# Cute and Cuddly Cthulhu



## Pakhet (Feb 26, 2003)

I saw this and couldn't resist.  sorry Cthulhu


----------



## Rich Parsons (Feb 26, 2003)

> _Originally posted by Pakhet _
> *I saw this and couldn't resist.  sorry Cthulhu  *




You mean I am paranoid and afraid of this????

 


:rofl: :rofl:


----------



## Pakhet (Feb 26, 2003)

Santathulu...

He knows if you've been naughty, he knows if you've been nice.
But he'll suck your brains out anyway.


----------



## Phil Elmore (Feb 26, 2003)

I have one of those Cthulhu stuffed animals, actually.


----------



## Cthulhu (Feb 26, 2003)

I had Kaith and/or his girlfriend pick one of those up for me.  My 3-year old daughter confiscated it for her own. 

Cthulhu


----------



## fist of fury (Feb 26, 2003)

Ia! Ia! Cthulhu ftaghn!


----------



## Ginsu (Feb 26, 2003)

> He knows if you've been naughty, he knows if you've been nice.

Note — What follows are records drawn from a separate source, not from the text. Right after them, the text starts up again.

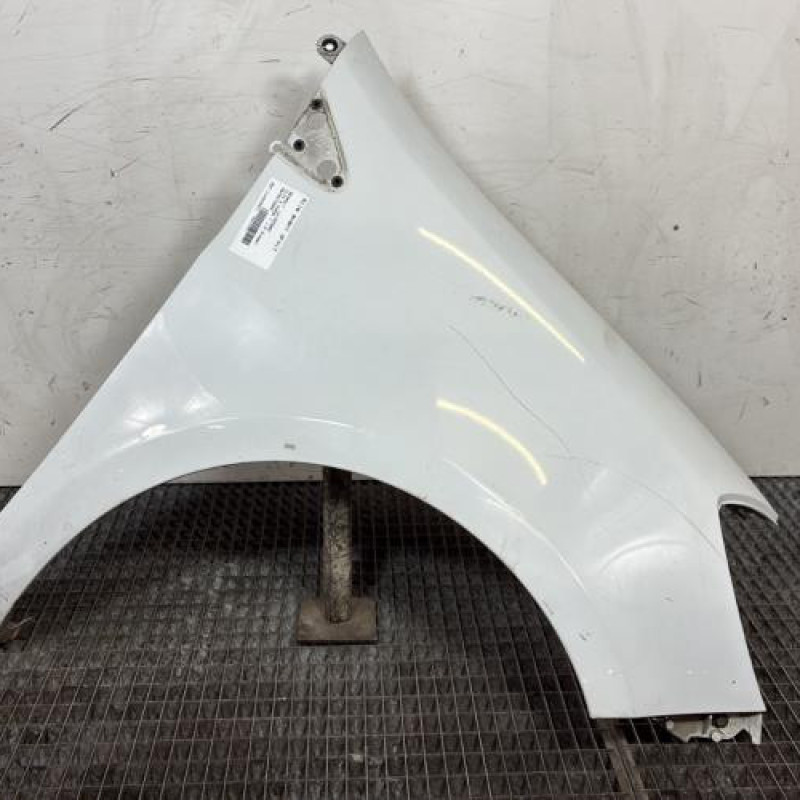 Aile avant droit RENAULT CLIO 3 Photo n°1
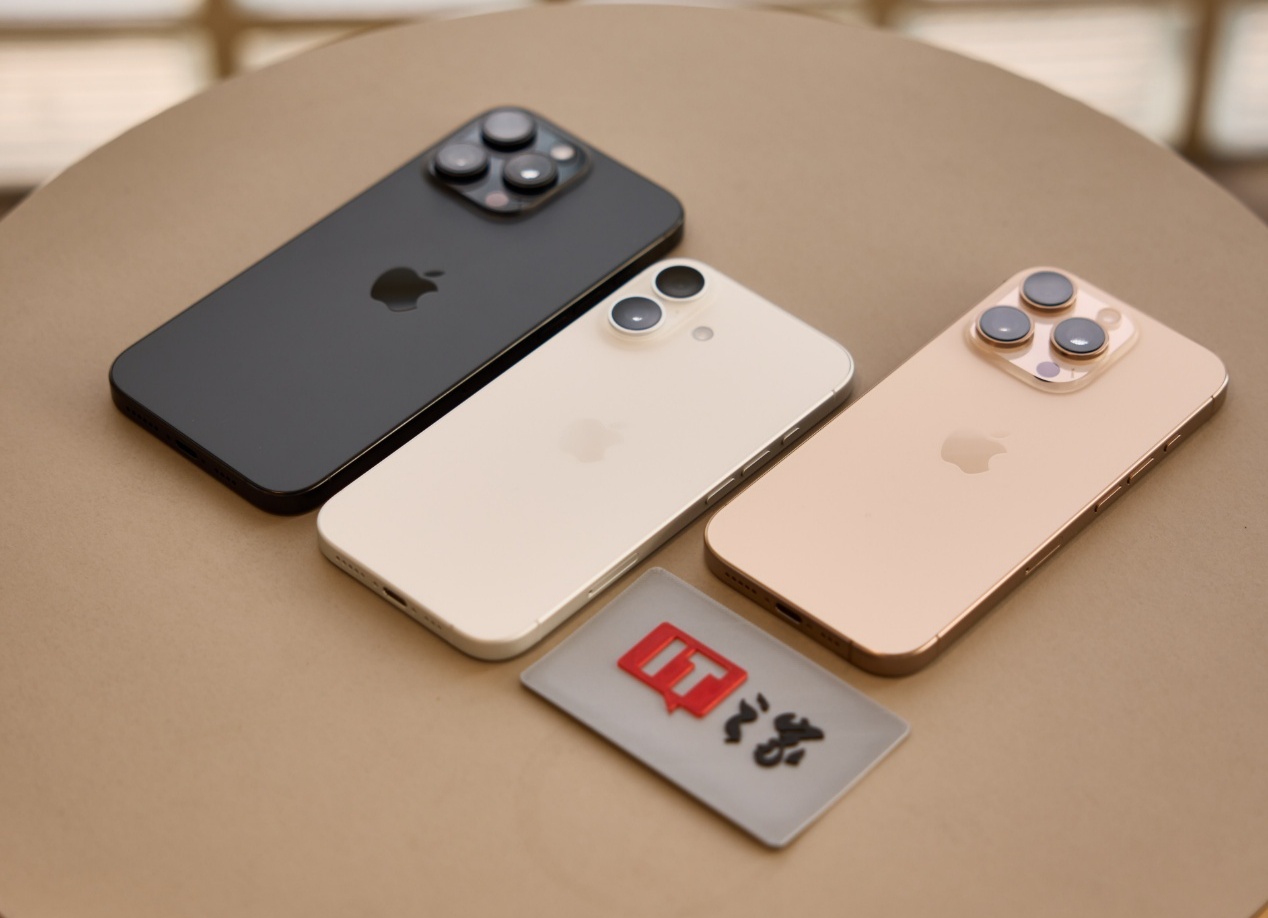 iPhone 16 系列背面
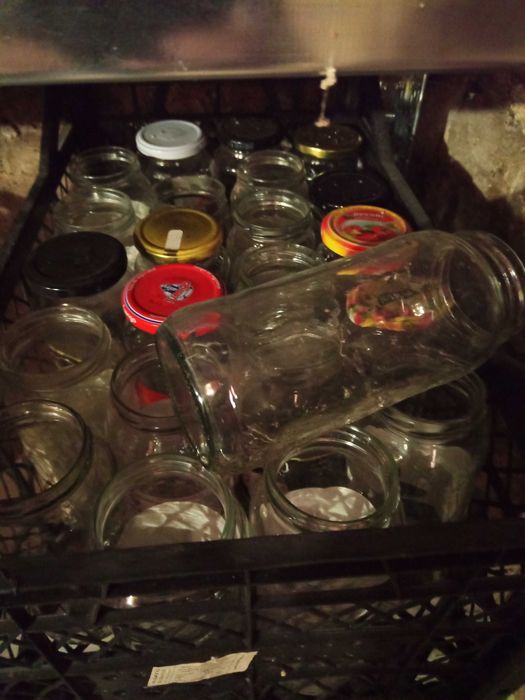 Буркани всякакви размери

So funny, but some how wrong on so many levels!  



_Ginsu_


----------



## Cthulhu (Feb 26, 2003)

_Ph'nglui mglw'nafh Cthulhu R'lyeh wgah'nagl fhtagn_

Cthulhu


----------



## Master of Blades (Feb 26, 2003)

> _Originally posted by Cthulhu _
> *Ph'nglui mglw'nafh Cthulhu R'lyeh wgah'nagl fhtagn
> 
> Cthulhu *



I agree......completly :asian:


----------



## fist of fury (Feb 26, 2003)

N'gai, n'gha'ghaa, bugg-shoggog, y'hah; 
Yog-Sothoth, Yog-Sothoth!


----------



## Master of Blades (Feb 26, 2003)

> _Originally posted by fist of fury _
> *N'gai, n'gha'ghaa, bugg-shoggog, y'hah;
> Yog-Sothoth, Yog-Sothoth! *



You guys might wanna take yourselfs to the doctor cuz thats a nasty cough you got there! :shrug:


----------



## jfarnsworth (Feb 26, 2003)

I hope that no one got anything on themselves.:rofl:


----------



## Cthulhu (Feb 26, 2003)

_Iah!  Shub-Niggurath!

ZARIATNATMIX, JANNA, ETITNAMUS,

HAYRAS, FABELLERON, FUBENTRONTY,

BRAZO, TABRASOL, NISA,

VARF-SHUB-NIGGURATH ! GABOTS 

MEMBROT !_

Cthulhu


----------



## Pakhet (Feb 26, 2003)

> _Originally posted by Cthulhu _
> *Iah!  Shub-Niggurath!
> 
> ZARIATNATMIX, JANNA, ETITNAMUS,
> ...



  I just know it's not going to be good...


----------



## Roland (Feb 26, 2003)

Where can we get them?
 I have a friend I would love to get those for!


----------



## dearnis.com (Feb 26, 2003)

Agreed!  I need one!


----------



## Pakhet (Feb 27, 2003)

http://www.trollandtoad.com/products/category.php?dname=toys&cid=667


----------



## dearnis.com (Feb 27, 2003)

All right!
In some deeply twisted way my life is more complete now that I have ordered one of the little guys!


----------



## fist of fury (Feb 27, 2003)

> _Originally posted by dearnis.com _
> *All right!
> In some deeply twisted way my life is more complete now that I have ordered one of the little guys! *



Welcome to the brotherhood

Ia! Ia! Cthulhu ftaghn!

:EG:


----------



## dearnis.com (Feb 27, 2003)

actually had to get the Narlathotep as well...
Now if they just offered the posable and adjustable wilber whately!


----------



## fist of fury (Feb 27, 2003)

Or even a Hastur action figure

Hastur,Hastur,Hastur.......


----------



## dearnis.com (Feb 27, 2003)

Do I worry that there is a market?  Should I be suprised that we are all in the same place?

NAHHH!


----------



## Cthulhu (Feb 27, 2003)

If they want to impress me, they need to come out with an Azatoth playset.

Cthulhu


----------



## Rich Parsons (Feb 27, 2003)

> _Originally posted by dearnis.com _
> *Do I worry that there is a market?  Should I be suprised that we are all in the same place?
> 
> NAHHH! *




Nope I worry NOT!  


I think it is cute and scary at the same time


----------



## dearnis.com (Mar 5, 2003)

They came today!!

wait...does this mean that FedEx is the messenger of the great old ones??


----------



## Cthulhu (Mar 5, 2003)

> _Originally posted by dearnis.com _
> *They came today!!
> 
> wait...does this mean that FedEx is the messenger of the great old ones?? *



Silence!

Mighty Cthulhu doesn't want everyone to know of his varied nefarious schemes!

Cthulhu


----------